UNITED STATES DISTRICT COURT SOUTHERN DISTRICT OF OHIO WESTERN DIVISION
Oct 23, 2019
Case No. 1:19-cv-803 (S.D. Ohio Oct. 23, 2019)

Opinion

Case No. 1:19-cv-803

10-23-2019

WARREN PARKS, Petitioner, v. WARDEN, PUTNAMVILLE CORRECTIONAL FACILITY, Respondent.


Dlott, J.

REPORT AND RECOMMENDATION

Petitioner, an inmate in state custody at the Putnamville Correctional Facility in Greencastle, Indiana, has initiated this action by filing a motion for leave to proceed in forma pauperis in connection with a pro se petition for a writ of habeas corpus. (Doc. 1). Petitioner's in forma pauperis application is incomplete because petitioner has not submitted any financial information from his institution of incarceration to allow the Court to determine if he is without the funds to pay the $5.00 filing fee required for the commencement of federal habeas corpus actions. However, the Court need not address the deficiency because it plainly appears from the face of the petition that it is subject to dismissal with prejudice for lack of jurisdiction under Rule 4 of the Rules Governing Section 2254 Cases in the United States District Courts. See 28 U.S.C. foll. § 2254.

The Indiana Department of Correction Offender Database indicates that petitioner is currently in custody as a result of his October 6, 2011 conviction and sentence for unlawful firearm possession by serious felon. Viewed at https://in.gov/apps/indcorrection/ofs/ofs. This Court may take judicial notice of court records that are available online to members of the public. See Lynch v. Lets, 382 F.3d 642, 648 n.5 (6th Cir. 2004) (citing Lyons v. Stovall, 188 F.3d 327, 332 n.3 (6th Cir. 1999)).

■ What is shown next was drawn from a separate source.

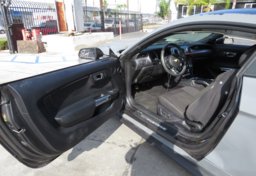 2019 Ford Mustang - Thumbnail 18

It is noted that although petitioner's in forma pauperis application is subject to consideration in this federal habeas proceeding, the petitioner is a "three-striker" within the meaning of 28 U.S.C. § 1915(g), who may not proceed in forma pauperis in any other civil action absent a showing that he is "under imminent danger of serious physical injury." See, e.g., Warren Parks v. Prosecutor Holcomb, et al., No. 1:14-cv-318 (S.D. Ohio) (Dlott, J.; Litkovitz, M.J.) (Docs. 6, 8) (denying the petitioner's motion for leave to proceed in forma pauperis in connection with a complaint because of his "three-striker" status stemming from his numerous prior lawsuits that were dismissed as frivolous).

In the petition, petitioner challenges the finding of the Butler County, Ohio Child Support Enforcement Agency regarding "non payment of child support.'' (See Doc. 1, Petition at PageID 5). According to petitioner, the determination violated his federal due process rights because he did not receive notification of the hearing and was therefore unable to present a defense at the hearing. (Id. at PageID 8).

Petitioner submitted his petition on a 28 U.S.C. § 2255 petition form. (See Doc. 1). However, because petitioner is not in federal custody or seeking to challenge any federal conviction or sentence, this is not the proper vehicle for challenging the Butler County, Ohio child support determinations.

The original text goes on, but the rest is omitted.